Subia a galope a avenida, de mão dada com a minha mãe, parando junto dos quiosques a mirar com atenção as revistas expostas. Puxava-a com teimosia, pedindo-lhe teimosamente que me desse uma “Mônica”.
– Ainda nem sabes ler – dizia-me ela.
– Assim, quando aprender, já vou ter muitas coisas para ler – argumentava cheia de confiança.
Mais tarde, quando os quadradinhos se mostraram fáceis demais e as minhas capacidades básicas de leitura já apreendidas exigiam desafio, enveredei pelo mundo de “Uma Aventura”. Foi um reboliço de livros a surgirem na estante. Os tios ajudavam à recente descoberta e os pais ficavam orgulhosos de eu me interessar pela leitura, sem falar do facto de me sossegar.
– A minha Andreia é um sossego – gabava-se a minha mãe. – Enfia-se no quarto com os livros e não me chateia nadinha.
No entanto, logo comecei a dar algum “trabalho”. Por volta dos nove anos, recebi um livro de oferta numa revista juvenil. Intitulava-se “Bem-vindos à casa da morte” e fez-me mergulhar, pela primeira vez, no mundo do terror.
Foram noites em branco, enquanto a insistência me levava a procurar a coleção dos “Arrepios” nas bibliotecas ou nas estantes alheias (já que a minha mãe se recusava a dar-me). A imaginação atingia picos vertiginosos à procura do sobrenatural dentro de mim. Fantasiava com vampiros, temia os lobisomens, mas foi com as picadas na nuca e com o fôlego sustido das histórias com espectros que encontrei o verdadeiro apogeu do meu medo: os demónios.
Na pré-adolescência, surgiram as oportunidades e o conhecimento tecnológico necessário para ver os clássicos do terror, que viriam a assombrar-me deliciosamente no futuro.
Neste ambiente de curiosidade e de insónias, enveredei pela minha primeira aventura, a composição de um conto. Uma jovem que lia os pensamentos dos outros e acabava internada numa casa de saúde. Escrevi tudo em folhas pautadas, agrafadas, e, no final, senti um orgulho imenso ao folhear os treze capítulos (na altura, andava obcecada com os simbolismos).

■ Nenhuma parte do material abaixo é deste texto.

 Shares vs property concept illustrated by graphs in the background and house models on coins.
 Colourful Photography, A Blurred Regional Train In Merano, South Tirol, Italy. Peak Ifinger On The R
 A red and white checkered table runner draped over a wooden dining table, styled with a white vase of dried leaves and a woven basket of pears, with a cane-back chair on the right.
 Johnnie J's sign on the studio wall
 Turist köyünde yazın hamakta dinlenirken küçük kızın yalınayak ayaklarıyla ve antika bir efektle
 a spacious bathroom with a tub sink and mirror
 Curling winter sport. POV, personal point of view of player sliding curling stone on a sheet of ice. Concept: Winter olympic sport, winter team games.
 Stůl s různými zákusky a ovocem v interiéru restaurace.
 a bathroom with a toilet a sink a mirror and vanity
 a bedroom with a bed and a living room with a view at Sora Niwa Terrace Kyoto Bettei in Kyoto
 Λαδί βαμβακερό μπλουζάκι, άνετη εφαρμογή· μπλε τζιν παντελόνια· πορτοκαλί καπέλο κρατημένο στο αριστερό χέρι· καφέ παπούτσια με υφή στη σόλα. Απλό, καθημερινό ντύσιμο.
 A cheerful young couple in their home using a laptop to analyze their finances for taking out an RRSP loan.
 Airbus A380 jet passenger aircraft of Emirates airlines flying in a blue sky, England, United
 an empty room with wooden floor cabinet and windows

A maturidade propriamente dita, aquela idade em que as questões começam realmente a aflorar e a razão é uma meta arduamente perseguida, atenuou ligeiramente o interesse no fantástico. Outros livros povoaram as minhas estantes, permitindo que me interessasse pelo romance, pelas histórias de amor, pela tragédia dos amantes. Aí, descobri o poder da rima e iniciei-me numa composição de sentimentos expostos em palavras.
Criei o meu vínculo com a língua e aprendi a visualizar a junção das letras como uma análise de mim, percebendo o quão própria me sentia de caneta na mão.

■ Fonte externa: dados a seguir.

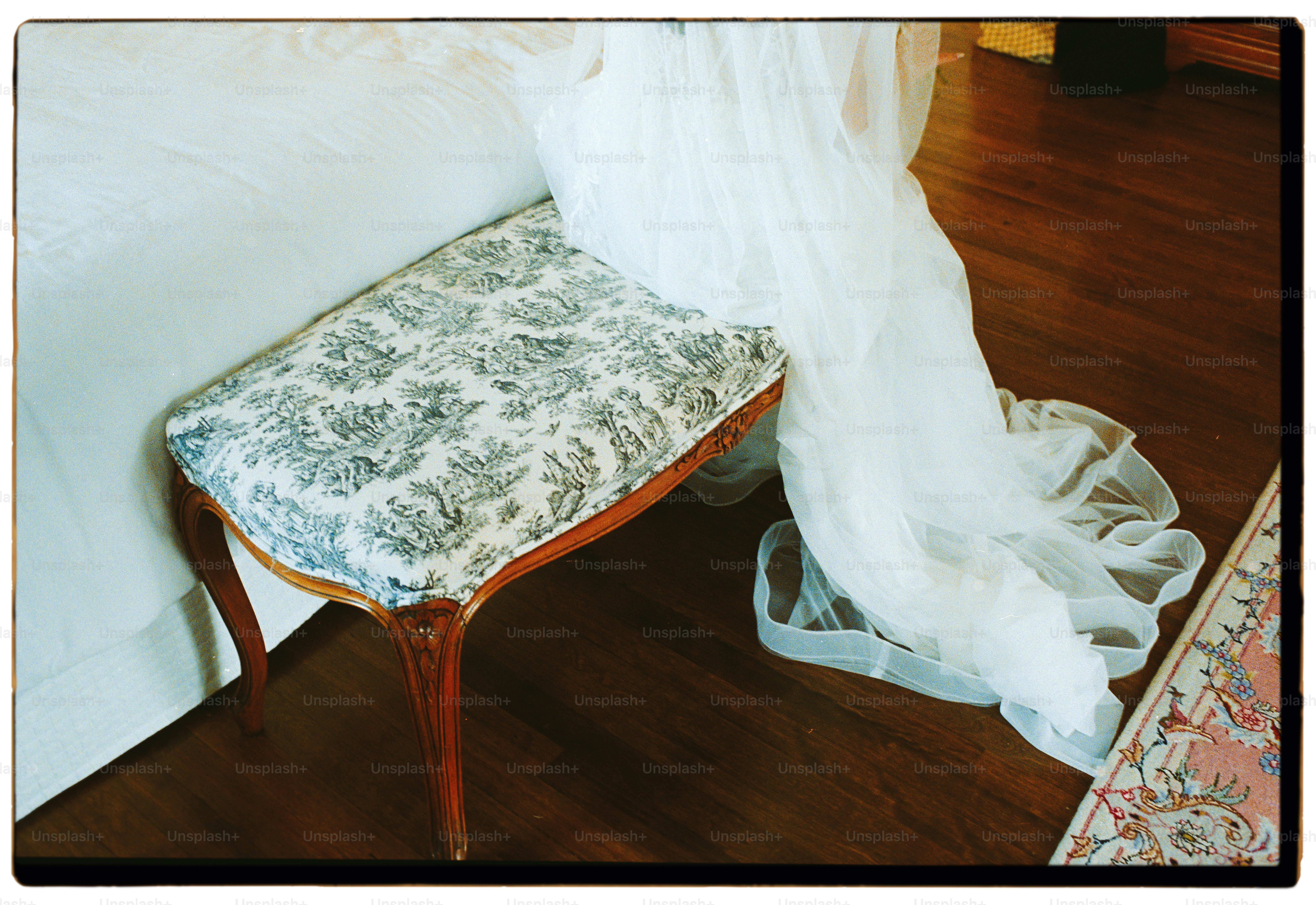 Upholstered bench with floral pattern next to sheer fabric.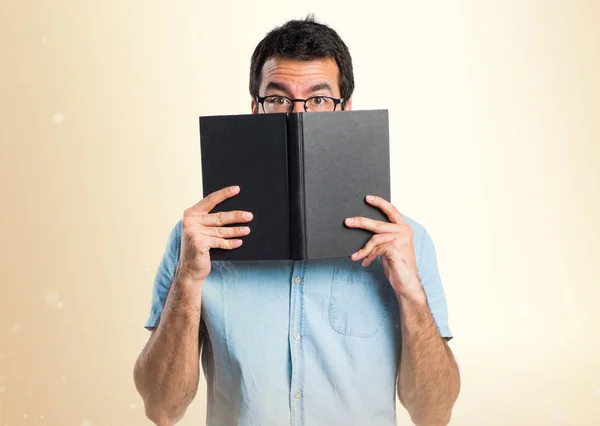 Hombre guapo con gafas azules libro de lectura sobre fondo ocre —  Fotos de Stock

Já não tardava para que a paixão pela escrita me lançasse na aventura de construir o meu próprio mundo.
Ao atingir a maioridade, surgiu a vontade de descrever um resquício do que me invadia a alma nas noites de insónia, dando forma ao 1.º capítulo do que se viria a chamar “Soberba Escuridão”.
As ideias abundam na mente e o sossego só é alcançável com a transposição das mesmas para o papel. Agora, condeno o tempo e a vida de responsabilidades que não me deixam o espaço desejado para me perder na imaginação. Quando me transformo numa exploradora, de lupa e mochila às costas, e enveredo pelos subúrbios da minha mente, sinto me feliz."